The two commentaries Is a National Energy Policy Possible?and We Have a National Policy ... or Not raised by Bill Opalka in www.renewablesbiz.com, can be responded in a very simple way. The answer is how the energy policy impacts a nation, not how it impacts one the subsystems, like the Transmission System (TS) or the Smart Grid (SG), as it is currently being done.
 
In the post Huge Value Destruction as Disruptive Technologies Impact the Smart Power Service, I introduced for the first time the idea of the emerging holistic Smart Power Service (SPS) to the EWPC Blog. The SPS is different from the Traditional Power Service in that demand is not longer an externality.

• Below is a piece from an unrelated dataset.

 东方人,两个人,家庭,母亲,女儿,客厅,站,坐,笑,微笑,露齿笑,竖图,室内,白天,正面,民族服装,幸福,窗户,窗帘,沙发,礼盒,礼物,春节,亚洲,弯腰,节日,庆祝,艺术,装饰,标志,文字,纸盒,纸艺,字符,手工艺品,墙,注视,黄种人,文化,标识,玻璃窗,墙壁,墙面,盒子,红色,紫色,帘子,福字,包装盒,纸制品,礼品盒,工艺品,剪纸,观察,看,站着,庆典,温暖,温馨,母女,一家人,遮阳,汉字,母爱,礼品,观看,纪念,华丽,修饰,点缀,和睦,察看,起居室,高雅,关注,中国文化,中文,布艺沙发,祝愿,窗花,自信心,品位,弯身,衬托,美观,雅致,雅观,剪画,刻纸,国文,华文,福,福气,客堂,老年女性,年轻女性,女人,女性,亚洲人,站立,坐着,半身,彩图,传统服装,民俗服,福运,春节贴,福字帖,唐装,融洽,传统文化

The SPS become increasingly important as we shift from the guarantee of cheap energy to that of cheap information.
 
The late Dr. Russell Ackoff deserves most of the credit of this whole post. According to Wikipedia he was a pioneer in the field of operations research, systems thinking and management science. Dr Ackoff suggested a system principle based on synthetic thinking, which I translate to the following using as examples the SG or the TS:
 
National Energy Policy: I only improve the SG or the TS in a way to improve the whole Smart Power Service (SPS) for the nation as a whole. Dr. Ackoff even suggests that if we can make the SG or the TS worst and make the whole SPS better we should do it. The National Energy Policy should be used to build the best SPS not necessarily the best SG nor the best TS, as it is being erroneosly done by using analytic thinking.
 
One of the key architecting characteristics of the SPS is demand integration to the power system. To do that, I have proposed a paradigm shift to the emerging Electricity Without Price Control Architecting Framework (EWPC-AF), which is introduced in the EWPC Blog post States that Implement a Heterogeneous Grid are Poised to be the Winners.
 

Under the EWPC-AF there are two structuring levels. The energy policy level separates the SPS in two weakly coupled and highly cohesive subsystems: a primary regulated delivery subsystem which I understand should evolve as the SG, and a complementary business system, in which emerges the architecting competition level.

In that second level,
Second Generation Retailers (2GRs) compete in the retail and wholesale open markets to develop ongoing business models, following the well know Silicon Valley Model, which changes the discussion from one to regulate the need to deploy smart meters to another about letting the market realize SPS value, while empowering the customer to freely decide.